After Kyle left I began questioning if I should have stepped in more or just let them work things out more. It really wasn't anything big at all, but it wasn't perfect. I called my wonderful sister in law to discuss how we as mom's are supposed to handle this new freedom of our children's and she gave me great advice about letting the kids work it out during the moment and then saving my teaching time for before bed. We laughed at how we are so much harder on our first borns and how we hoped that one day they wouldn't hold that against us. That prompted her to share a piece of literature with me that I thought was really interesting and worth sharing with you.
5 Best and Worst Things to Say to Your Kids:
1. "Act Your Age"- Because you are issuing a blanket criticism instead of acknowledging why they may have been acting that way.
2. "I Was Only Teasing"- You should never disguise insults with humor or teach your child to. If you don't mean it, don't say it.
3. "Why can't you be more like your sister (or brother)"- Feeds sibling rivalry and makes them feel like 2nd class.
4. "Don't run or you will fall"- You don't want to communicate that you expect him to fail. Give more specifics like "your shoe laces are untied". I think this can be viewed in a much bigger picture too.
5. "What did I just tell you?"- Communicates that they are too stupid to remember and then if they do answer, it is viewed as sarcasm. Choose your words better and communicate why you are frustrated.

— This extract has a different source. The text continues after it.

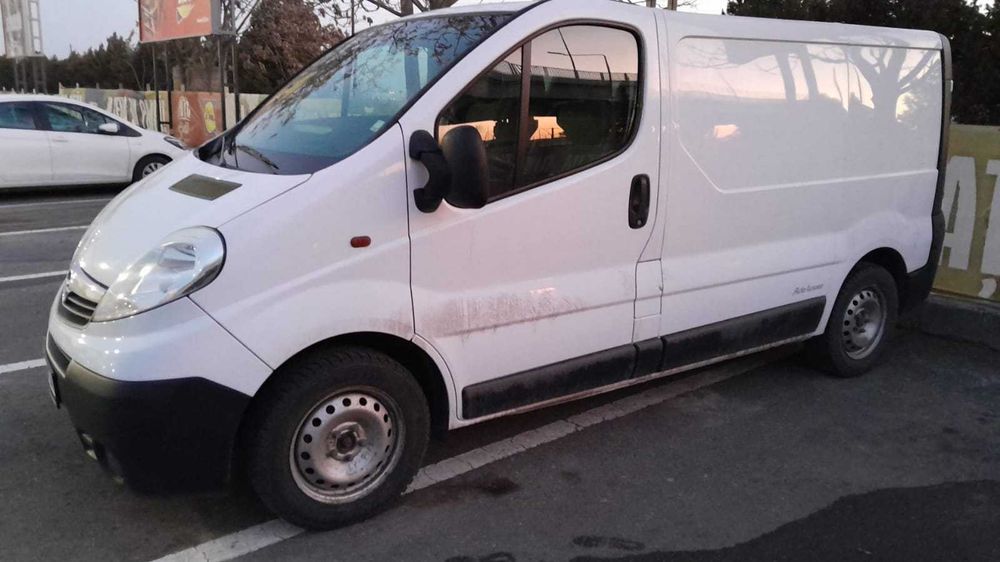 auto opel VIVARO /2009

If you felt convicted by these, trust me, you are not alone!
1. "Please make a decision"- communicates that they are responsible for their own actions
2. "I love you but I don't like that behavior"- separate the deed from the doer
3. "I want you to help me solve my problem"- he sees that his input is invited and is less likely to see you as his adversary. This was advised too for when you want your child to quit something that is annoying you.

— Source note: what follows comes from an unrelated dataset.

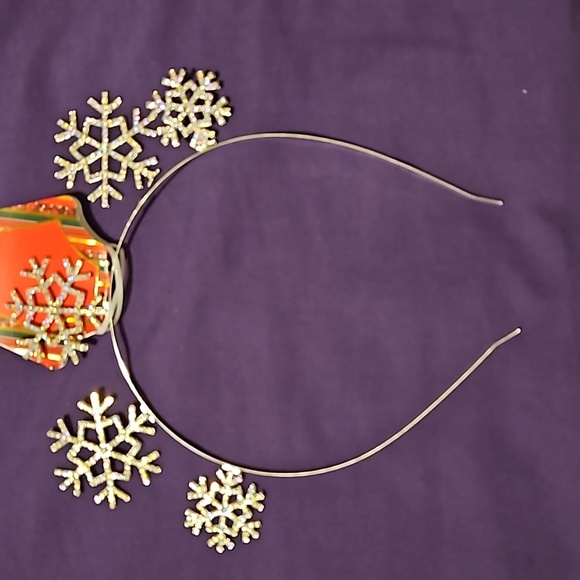 Lux Kids Holiday Headbands Silver Sparkle Snowflakes Red Jingle Bell Santa Hat - Picture 2 of 6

4. "What did you really want to tell her"- A redirection for inappropriate reactions to conflict. Helps them develop an emotional language.
5. "Different people have different needs"- helps you deal with the complaints of lack of fairness.
TODAY'S SIDE NOTE:
Ruthie and I got away today to my aunt and uncle's house on the lake and of course we worked in a little photo shoot. Tomorrow we are going to feed the ducks and then go into town for some shopping.